## Available data

▬▬▬▬▬▬

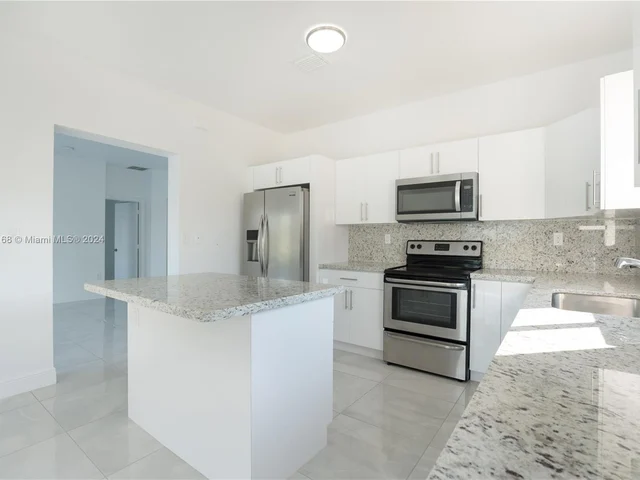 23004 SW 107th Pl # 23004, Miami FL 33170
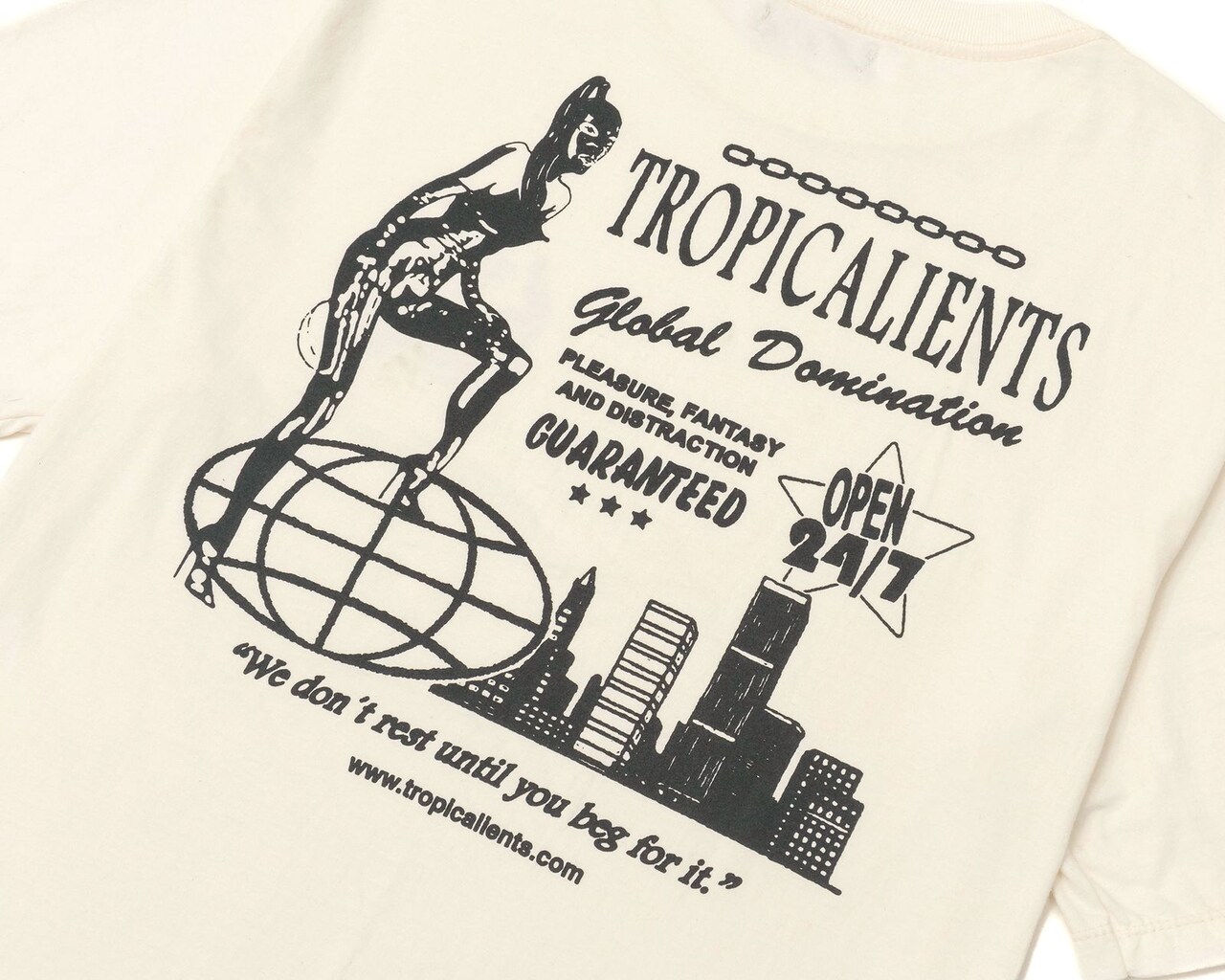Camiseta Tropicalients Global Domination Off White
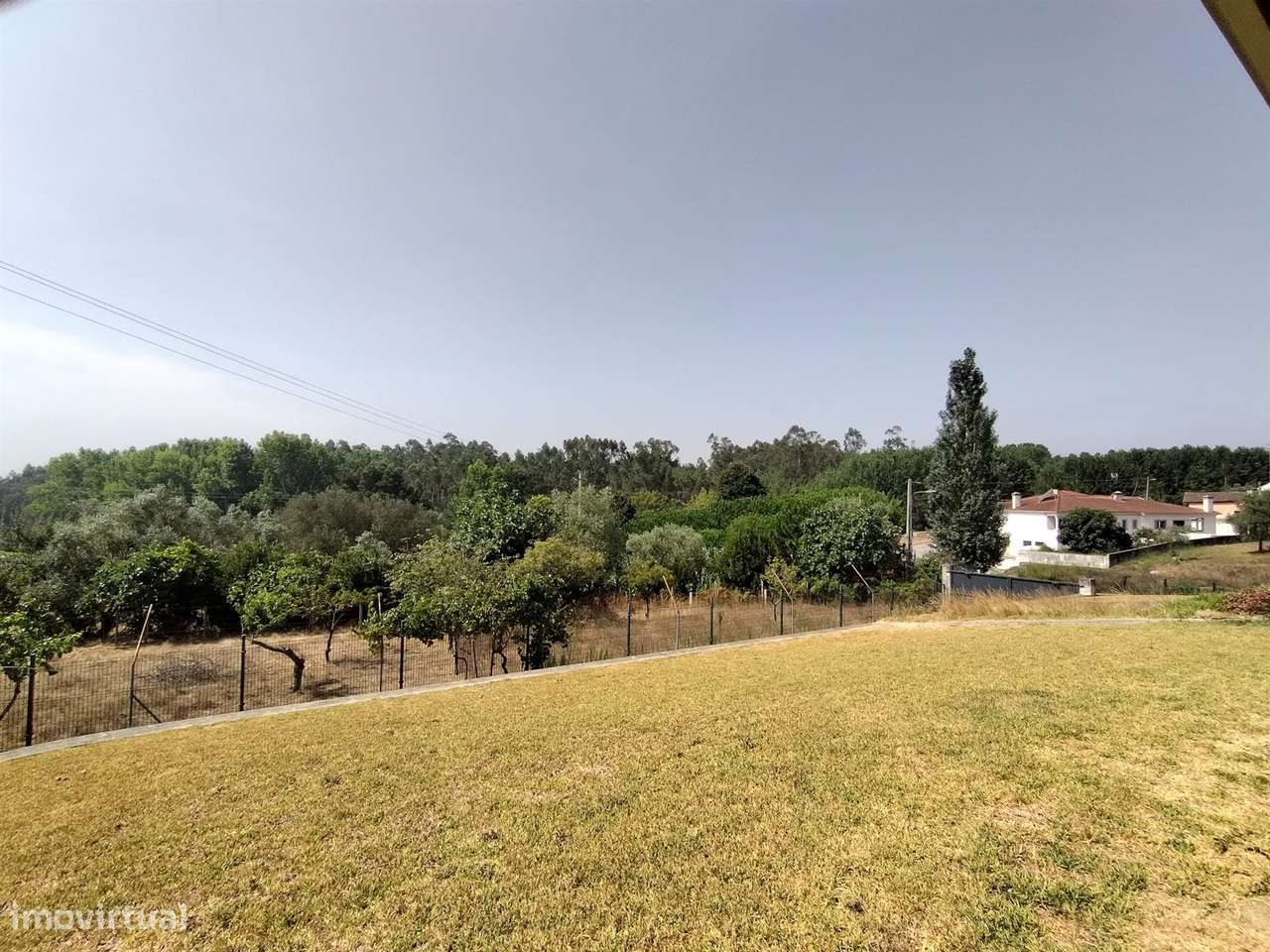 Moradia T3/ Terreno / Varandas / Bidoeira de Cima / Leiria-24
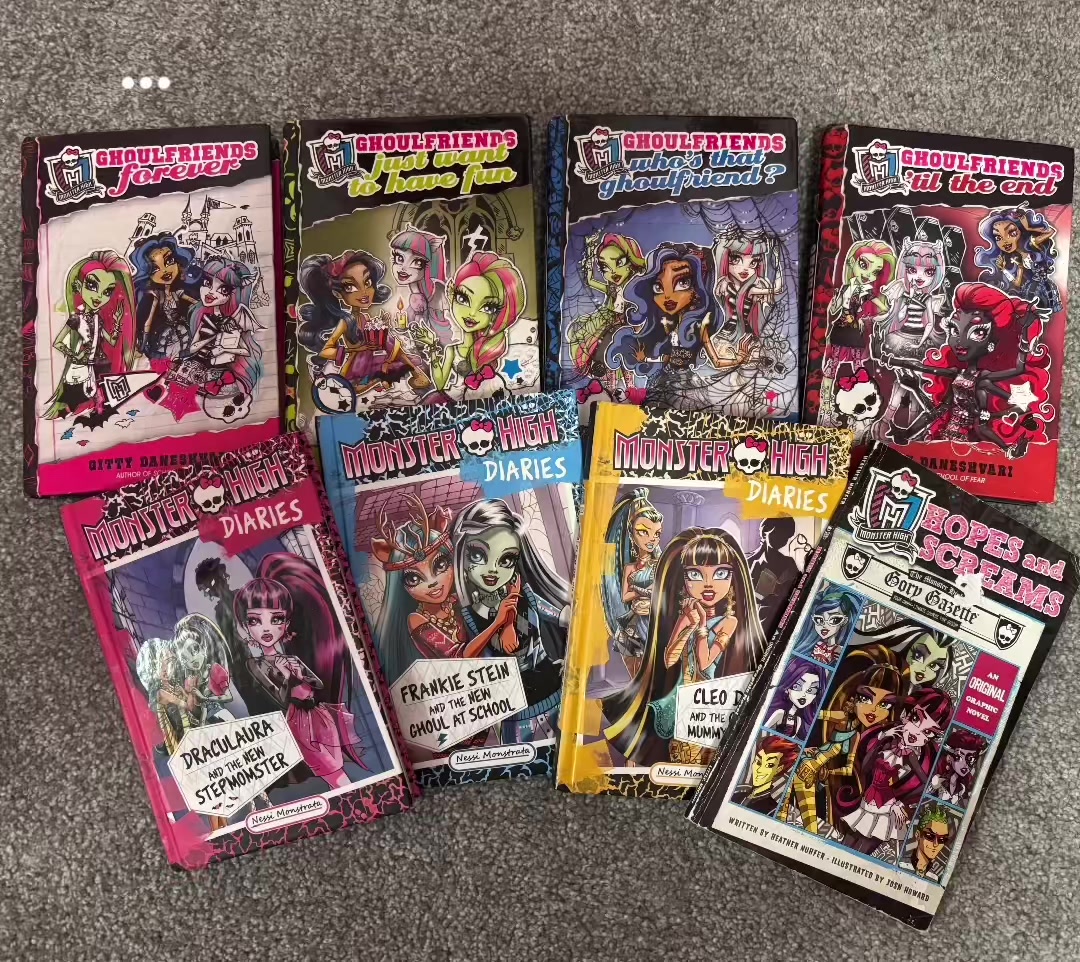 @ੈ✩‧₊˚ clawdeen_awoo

▬▬▬▬▬▬

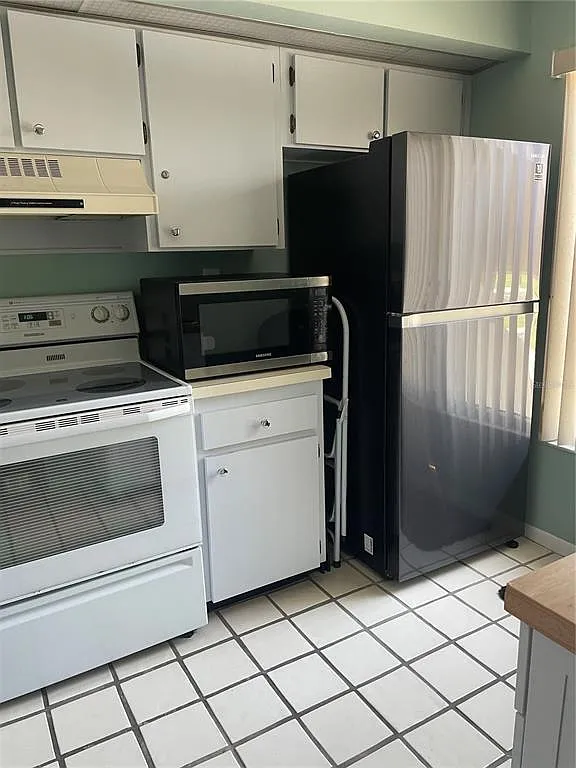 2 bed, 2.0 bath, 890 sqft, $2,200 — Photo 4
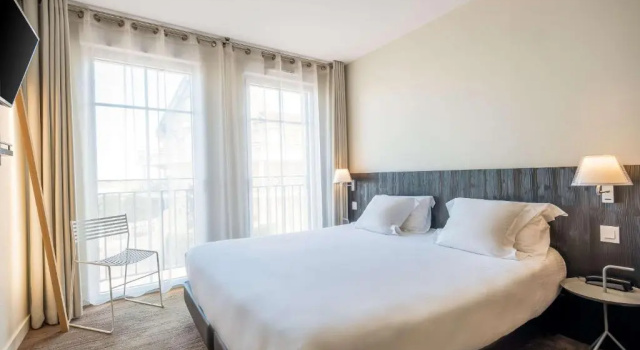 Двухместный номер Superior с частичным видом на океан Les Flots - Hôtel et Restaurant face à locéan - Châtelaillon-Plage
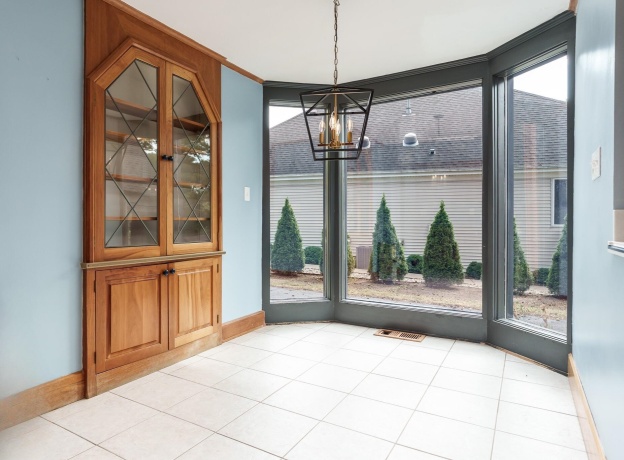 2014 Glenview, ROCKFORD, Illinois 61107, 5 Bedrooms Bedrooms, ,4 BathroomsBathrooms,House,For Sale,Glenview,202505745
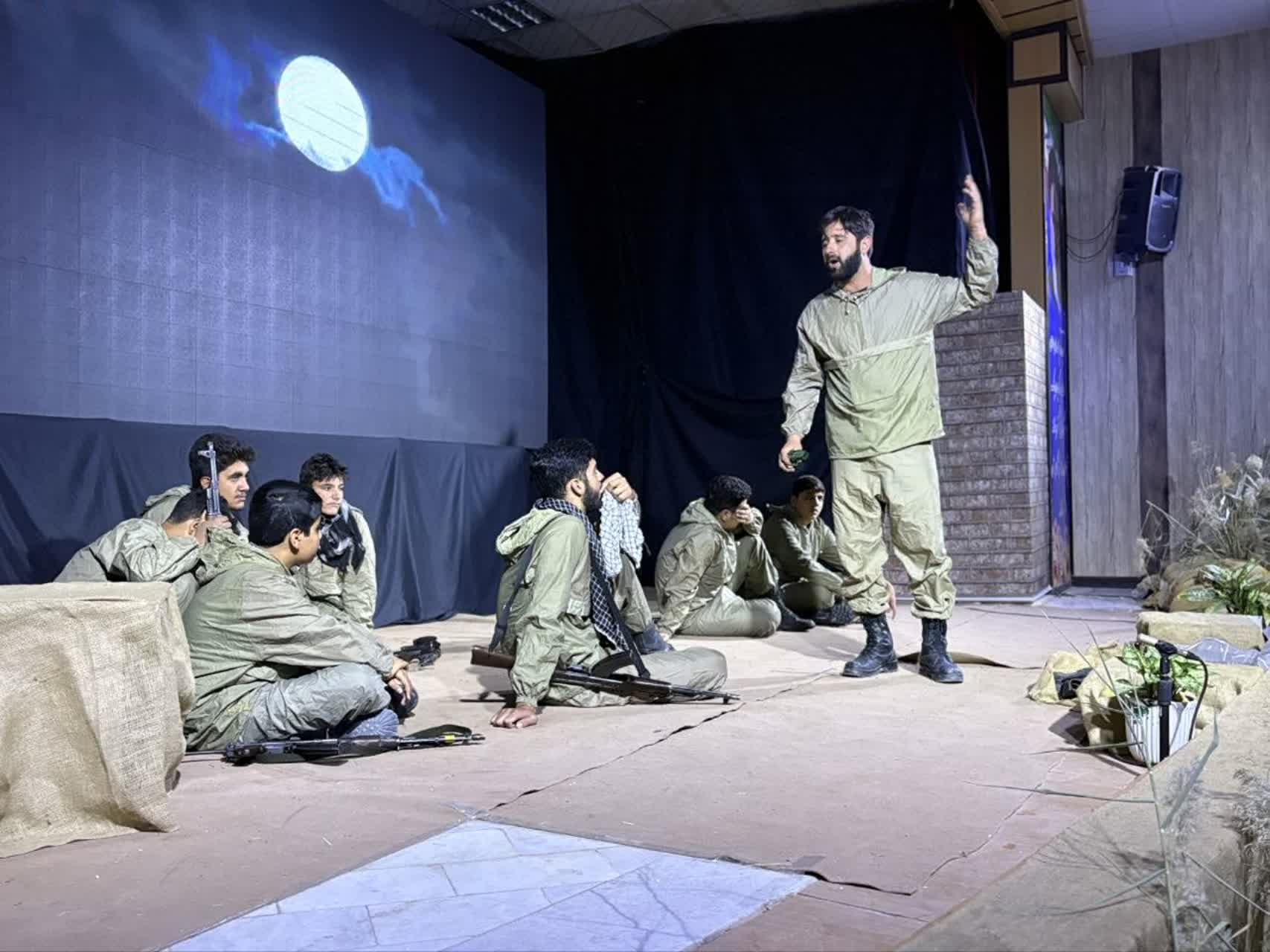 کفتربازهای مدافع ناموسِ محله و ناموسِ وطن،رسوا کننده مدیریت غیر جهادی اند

▬▬▬▬▬▬

## Work task
Repeat exactly, and only, the entries from the line with "2014 Glenview, ROCKFORD, Illinois" through the line with "کفتربازهای مدافع ناموسِ". Pictures are skipped.

## Result of this exercise
 2014 Glenview, ROCKFORD, Illinois 61107, 5 Bedrooms Bedrooms, ,4 BathroomsBathrooms,House,For Sale,Glenview,202505745
 کفتربازهای مدافع ناموسِ محله و ناموسِ وطن،رسوا کننده مدیریت غیر جهادی اند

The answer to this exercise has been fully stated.